God Helps Those Who Can’t Help Themselves January 29, 2020

My little girls and I finished Laura Ingalls Wilder’s The Long Winter yesterday. Like all of the Little House books so far—which, of course, I read ages ago but didn’t really remember—the kind of life they endured, by today’s American standards, is completely astonishing. Towards the end, it seemed they might as well have been living in Siberia. A diet of coarse brown bread, exhausted by the dark and cold, grinding hunger, grinding the diminishing bag of wheat in a coffee grinder, twisting stalks of wheat into tight bundles to burn in the stove because they had no wood, worn out by violent storms lasting into April.

Towards the end of the book, Almanzo and Cap go off into the bleak prairie, hoping the next storm will hold off, looking for rumored seed wheat, risking their very lives because the whole town is starving.
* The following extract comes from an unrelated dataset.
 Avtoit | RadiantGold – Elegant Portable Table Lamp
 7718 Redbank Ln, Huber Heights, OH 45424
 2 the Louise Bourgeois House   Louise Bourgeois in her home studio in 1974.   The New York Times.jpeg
There might be a farmer hunkered down in a sod house, no one knows for sure, and they are empowered by the owner of one of the two stores to buy it from him (almost) no matter the cost. They find the farmer, by crazy luck, and of course, he doesn’t want to sell but finally does. Almanzo and Cap make it back as the next storm is beginning to hurl itself against the town, and for four more days the Ingalls don’t know that the two succeeded, believing they were caught by the snow and wind, or didn’t find the man.

Mid-storm, after the girls have climbed into their icy beds, Mary asks Laura if she has prayed. They have this little exchange, which, I think, captures not just the religious feeling of all of the books, but much of American Christianity as well:

Under the quilts, Laura and Mary silently said their prayers, and Mary whispered, “Laura.”

“What?” Laura whispered.

“Did you pray for them?”

“Yes,” Laura answered. “Do you think we ought to?”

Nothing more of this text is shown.